Texto: Damián Huergo
Lectura: Carlos Salvador Cáceres
Ilustración: Juli Farfala
Danilo fue el primero de su familia en verlo muerto. Si el médico le hubiese dicho que estaba durmiendo, le hubiese creído. Su padre conservaba, bajo la barba negra salpicada con canas, la misma sonrisa que cuando dormía en el asiento del acompañante cada vez que hacían un viaje largo. Esa noche lo velaban en Banfield, en la funeraria frente a la estación de tren. Supongo que a las diez lo llevan, le dijo su tío en la última llamada que atendió. Luego Danilo apagó el celular y desenchufó el teléfono del departamento. Durante la tarde estuvo acostado en el futón. Boca abajo. No había comido nada desde que el médico, la noche anterior en la habitación 104, le dijo que su padre había fallecido. Tampoco había llorado. Pero eso no le extrañó.
Danilo se levantó del futón cuando oyó cuatro timbrazos in crescendo. Apoyó el ojo en el marco frío del visor. Del otro lado de la puerta vio a Carmela, su novia, con la cara ovalada y los ojos negros sobreexpuestos por el aumento del lente. Retuvo la respiración y se sentó en la mesada de la cocina. El zumbido del motor de la heladera era el único sonido en el departamento. Cuando cortó, volvió a poner el ojo en el visor. El pasillo estaba vacío.
Del freezer sacó un tupper que contenía una pata de pollo y arroz blanco. Lo volcó en un plato azul y lo metió en el microondas. Mientras esperaba que se calentara, repasó uno por uno los estantes de la biblioteca. Tenía más de mil libros, ordenados por colecciones. La de la Biblioteca Básica Salvat fue la primera.
Su padre lo había ido a buscar a la salida del club. Tengo una sorpresa, le dijo desde la ventanilla del Escort azul. Puso un casete de Julio Sosa y manejó sin darle una pista hasta el galpón en donde guardaba los dos Ford 14000. Danilo lo ayudó a levantar la persiana metálica que siempre se trababa a la altura de su cabeza. Su padre tiró de la correa y él la empujó con las manos hacia arriba. Afuera estaba anocheciendo. Los tubos de luz titilaron varias veces antes de prenderse. Fijate en el volquete que tiene el tablón, le dijo su padre señalando al fondo. Danilo fue al trote. Los pasos que dio en el tablón de madera retumbaron en el tinglado. Al llegar a la cima miró adentro del volquete. Arriba de una base de escombros descubrió una montaña de libros con lomos de diferentes colores. Algún loco los tiró, le dijo su padre. Quizá te sirven. Para mí son todos iguales.
En la cocina sonó el plin del microondas. Danilo no lo escuchó. Tenía en las manos La carretera de Cormac McCarthy. Volvió al futón y lo leyó de un saque. En las últimas páginas se arrimó a la ventana para que lo alumbrara la última luz del día. Al llegar al punto final ya era de noche. Prendió la tele y apretó mute en el control remoto.
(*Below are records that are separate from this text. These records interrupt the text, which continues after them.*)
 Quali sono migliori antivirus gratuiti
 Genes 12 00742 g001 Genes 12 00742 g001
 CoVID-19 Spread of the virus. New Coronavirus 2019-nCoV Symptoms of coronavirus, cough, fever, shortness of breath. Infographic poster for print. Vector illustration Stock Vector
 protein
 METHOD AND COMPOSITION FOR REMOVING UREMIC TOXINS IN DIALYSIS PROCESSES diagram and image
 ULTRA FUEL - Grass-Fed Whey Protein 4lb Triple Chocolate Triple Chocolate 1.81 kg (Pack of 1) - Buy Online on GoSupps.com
Danilo sintió un crujido en el estómago. Fue a la cocina y sacó del microondas el plato con comida. Se había enfriado. Sin recalentarlo, lo llevó a la mesa redonda de vidrio. Usó un suplemento del diario como individual. Se sirvió agua. Y abrió un paquete de Criollitas para empujar el arroz blanco. Las agujas del reloj de pared, colgado arriba del televisor, marcaban las nueve de la noche. Me tengo que cambiar, pensó, con la vista fija en las cortinas blancas que se movían por la brisa que entraba por la ventana del noveno piso.
Antes de cruzar los cubiertos, Danilo apretó con la yema del dedo gordo el último grano de arroz blanco que quedaba en el plato azul. Levantó el pulgar y le clavó los ojos. Se acordó del hombre de bigotes tupidos, que, en la peatonal de Villa Gesell, por cinco pesos, calaba tu nombre en un grano de arroz.
Las primeras vacaciones solos después del divorcio, en la casa de 120 y 5, su padre había hecho calar el nombre de su hijo menor. El grano iba adentro de una capsulita de vidrio. Su padre la agregó a la cadena de plata donde colgaba la muela cariada de su hermana y el escudito de metal oxidado de River. Durante esas vacaciones, cada vez que Danilo volvía del mar y lo encontraba durmiendo en la reposera, esforzaba la vista para leer su nombre en el pecho peludo.
Esa noche, mirando el grano de arroz pegado en su pulgar, solo en el departamento, Danilo se preguntó si su padre tendría puesto el colgante en el cajón. Antes de levantarse de la mesa, se lo comió.